TA Research has maintained its earnings forecast for Kim Loong.

PETALING JAYA: Kim Loong Resources Bhd is focusing on earnings recovery in its financial year 2025 (FY25), with the group expecting a 5% growth in fresh fruit bunch (FFB) production and exploring new revenue streams such as coconut plantations.

These key takeaways were from a recent virtual meeting between TA Research and Kim Loong’s management.

According to the research house, Kim Loong’s primary goal is to return the company to growth trajectory.

For FY25, Kim Loong’s capital expenditure is projected at RM60mil, primarily for upgrading mill equipment and replanting efforts. An additional US$80mil has been earmarked for a new mill in Sarawak over the next two to three years, the brokerage firm said in a report.

TA Research has maintained an annual replanting rate of about 1,000ha over the next five years.

This year, the group aims to increase the production to 350,000 tonnes from an estimated 330,000 tonnes in FY24.

Despite recent volatility in crude palm oil prices, the group remains optimistic that prices will eventually stabilise in FY25, with an average forecast of RM4,000 per tonne, said TA Research.

The group has also successfully established a new revenue stream from selling palm shells to third parties.

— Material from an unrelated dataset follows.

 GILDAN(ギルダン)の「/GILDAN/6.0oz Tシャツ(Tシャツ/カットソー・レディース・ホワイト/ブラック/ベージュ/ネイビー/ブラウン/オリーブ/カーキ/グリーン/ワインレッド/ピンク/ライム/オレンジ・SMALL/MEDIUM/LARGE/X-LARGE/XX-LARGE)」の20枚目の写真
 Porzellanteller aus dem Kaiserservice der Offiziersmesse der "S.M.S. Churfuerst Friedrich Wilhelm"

“This additional income source, coupled with revenue generated from its solvent extraction plants, has helped counterbalance increased expenses,” the research house noted.

TA Research said Kim Loong is continually looking to expand its land bank but faces challenges due to high land prices, and environmental, social and governance (ESG) restrictions.

The group is also exploring coconut plantations, which is in the experimental stage, and evaluating the carbon credit market.

“Carbon credits could provide an additional revenue stream as ESG considerations have become an important business practice globally, in our view,” the brokerage added.

Kim Loong has also invested in three biogas plants, which generate excess power sold to the grid for additional revenue.

TA Research noted that Kim Loong has signed a power purchase agreement with Tenaga Nasional Bhd to supply electricity from its biogas plants at fixed rates of 46.9 sen per kilowatt-hour for the first two mills and 39 sen for the third.

TA Research has maintained its earnings forecast for Kim Loong with a target price of RM2.50.

However, the research house has downgraded the stock to a “hold” from a “buy” due to limited upside potential. In the face of a rising cost environment, which has caused tremendous challenges to maintaining cost-efficiency, the group has implemented effective strategies to mitigate these impacts.